Let’s face it there are few people who enjoy shopping at the supermarket, throw in a screaming toddler to the mix and it can seem like a masochistic endurance race. On the reverse a foraging expedition is often serene and magical. Studies are showing that time spent in the woods can lower blood pressure, relieve anxiety and a host of other experiences. See my earlier article on “Forest Bathing” here >.

I find when I am eating a plate of mushrooms I have foraged or a some pickled pine buds that I think back to the time when I picked them and this enhances the experience. I never think back to when I threw a tin of beans into a trolley.

It is also true that novel food experiences will enhance the flavour of our food. In a well-known 1992 study first published in the Personality and Social Psychology Bulletin four experiments, including eating popcorn with chopsticks or drinking water from a cocktail glass, concluded that people enjoyed these experience much more than just eating or drinking as they normally would.

Wild food is always novel, even when I return to a spot that I know well the light will be different, there will be subtle difference in the surrounding flora, the plant or mushroom will be growing in a slightly different area and the yield of each crop will fluctuate.
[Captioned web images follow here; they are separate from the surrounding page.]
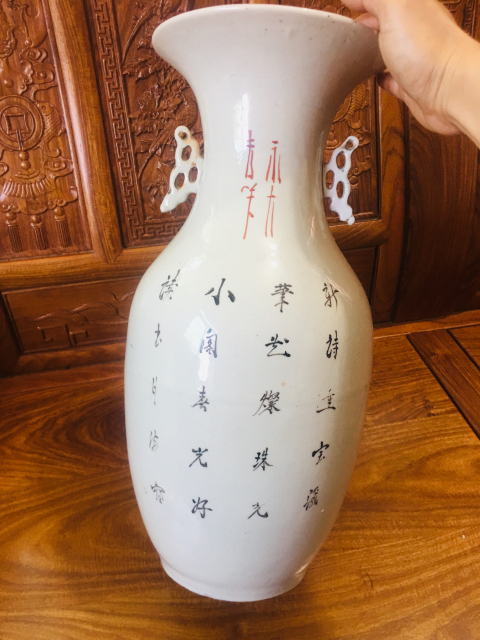 古玩陶瓷精美三娘教子詩(shī)文彩繪雙松葉耳撇口瓶拍賣(mài),當(dāng)前價(jià)格0元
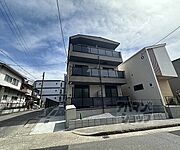 山科駅より徒歩11分 新築 3階建の賃貸物件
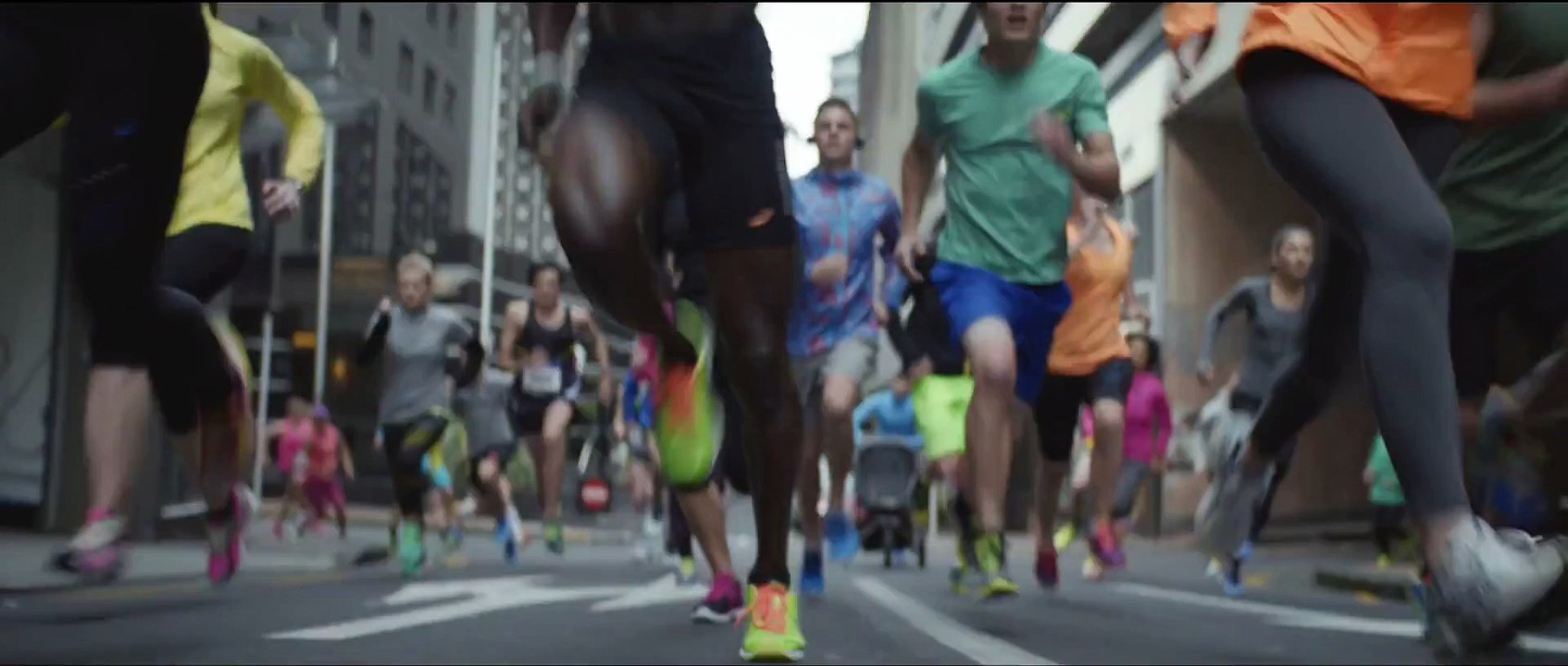 Asics - Le Monde est grand. Courrez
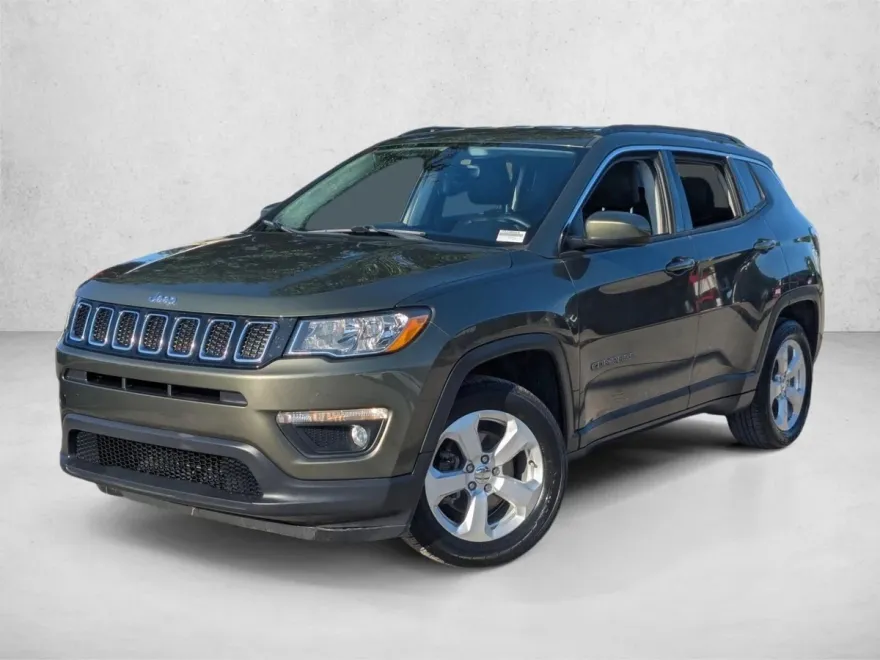 2018 Jeep Compass Latitude photo 1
With new foods you can become giddy with delight on foraging walks I have seen adults almost revert back to being excitable children when they find new foods.

Yet none of this even touches the sides of what is contained within wild foods. Why the conventionally grown rocket can taste bland and wild rocket can have a taste that you’ll remember for the rest of the day. It is partly because food has been loosing it’s nutrtional value over the years. Potatoes have 47% less copper, 45% less iron and 35% less calcium which means you have to eat almost double the amount of potatoes to get the same amount of nutrition. The more we cultivate for bigger yields the greater the decline in nutritional value. Uncultivated wild food will always be more nutritious. The Guardian’s Andrew Purvis, with substantiation from several universities and the Food Standards Agency, was reporting on this as early as 2005.  See It’s supposed to be Lean Cuisine …>

According to a study published in PLOS one serving chickweed, dandelion, dock, mallow and nasturtiums all contain more calcium, vitamin A, Iron, potassium, dietary fibre than conventionally grown kale. In an article in the Journal ‘Science’  it was found that 20 of the most important flavour compounds in a tomato come from essential amino acids and omega 3 fats. This suggest that the compounds that make the tomato taste like a tomato are also the most nutritious. Could the same be true of wild food?
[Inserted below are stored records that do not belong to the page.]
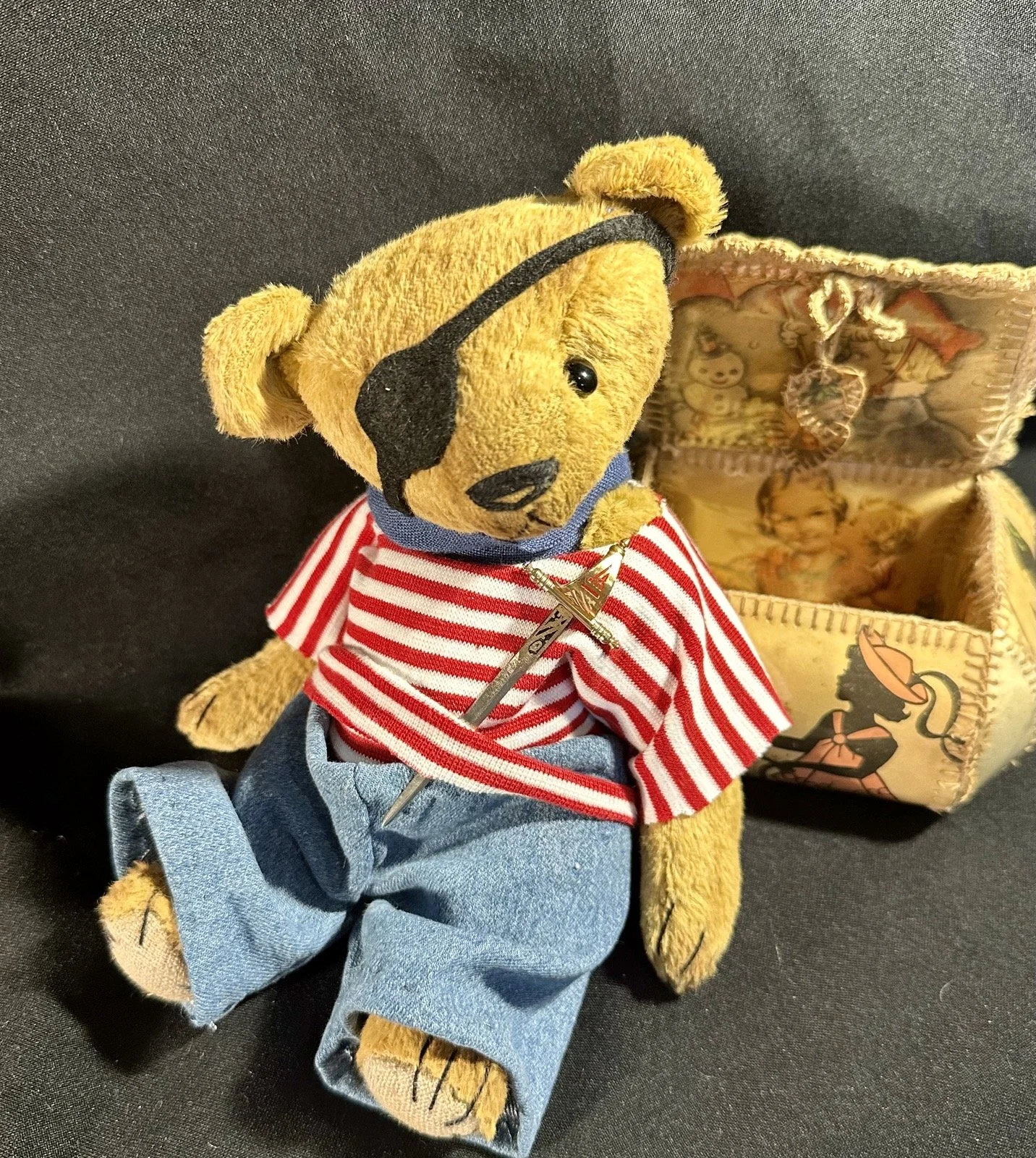 Hein mit Schatzkiste – ca. 21 cm groß, aus Viskose, 5-fach gegliedert. Adoptionsgebühr: 110 €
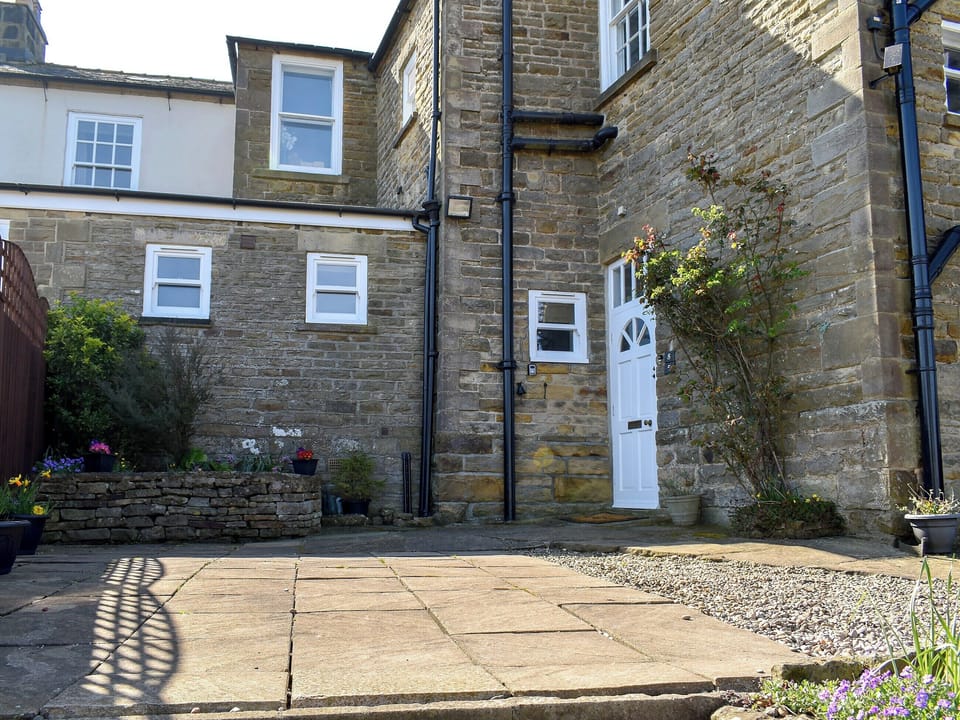 Shared enclosed garden | Garden View Apartment, Sneaton, near Whitby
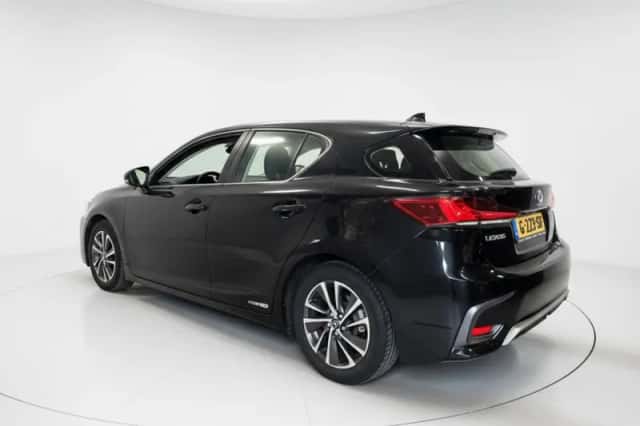 Lexus CT (2019) thumbnail 4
Back to the nettle tea experiment…

Thankfully, the wild nettle was much tastier than the cultivated in fact there was no contest. The cultivated tasted bland and I could only taste the hot water very little flavour came through. Whilst the wild nettle tasted fresh and earthy and even some hints of floral. Whilst working grabbing the nearest drink is somewhat mechanical and so I swapped between the two without really knowing which I was picking up. Every time I got the same result.
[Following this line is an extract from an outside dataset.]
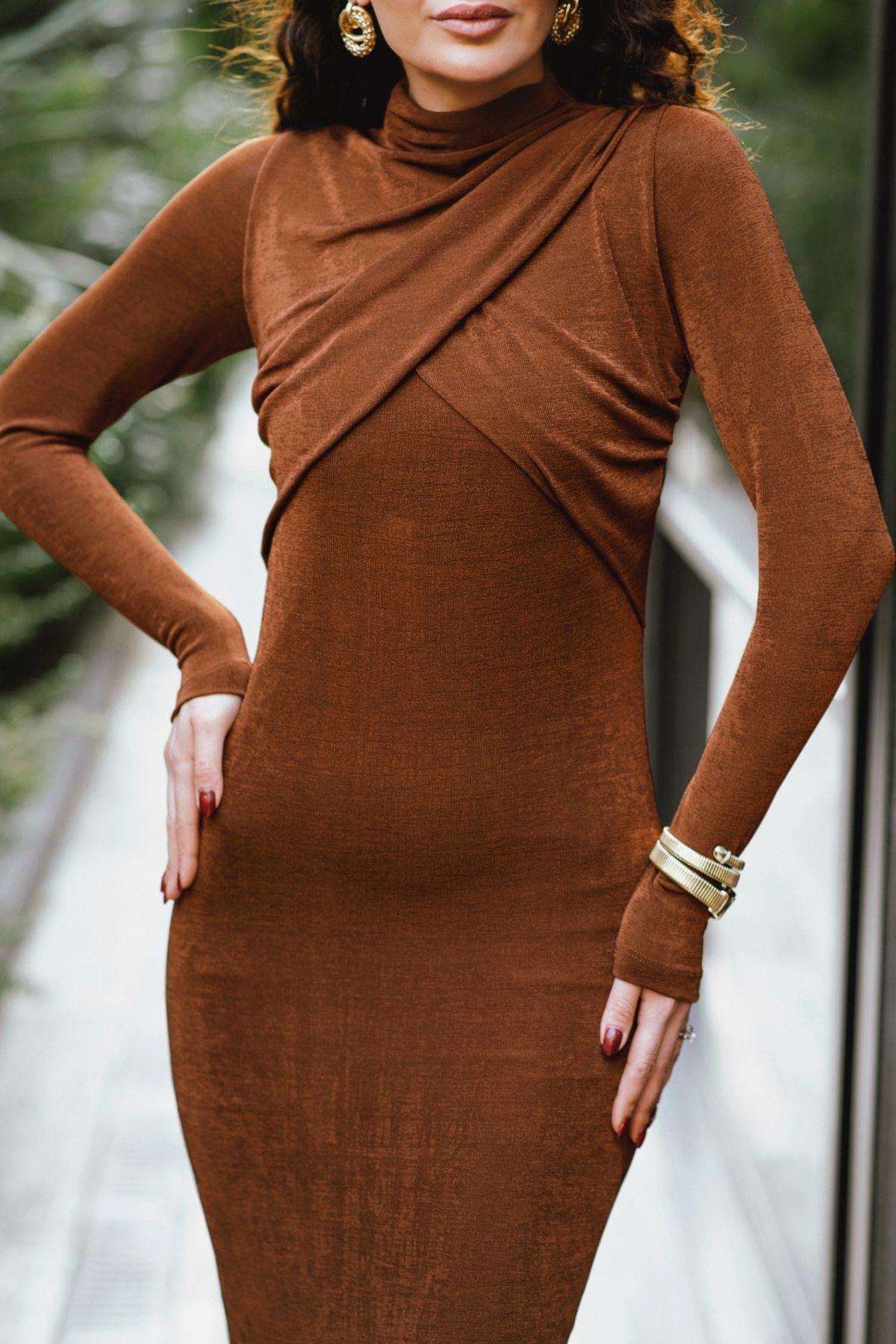 Tasarım Astarlı Kahverengi Buzy Kumaş Elbise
If you wanted to recreate the experiment here are the parameters I used. I used two nettle tops to one cup containing 250ml (1 cup us) of boiling water and one (1.5g/0.05oz) tea bag bought from a local supermarket. The nettle was plucked on an overcast day at 1pm GMT. The cups were both white and the water was at 90°c/194°f. Both were steeped for 5 minutes and 0 seconds and I drank them from my desk with no music playing.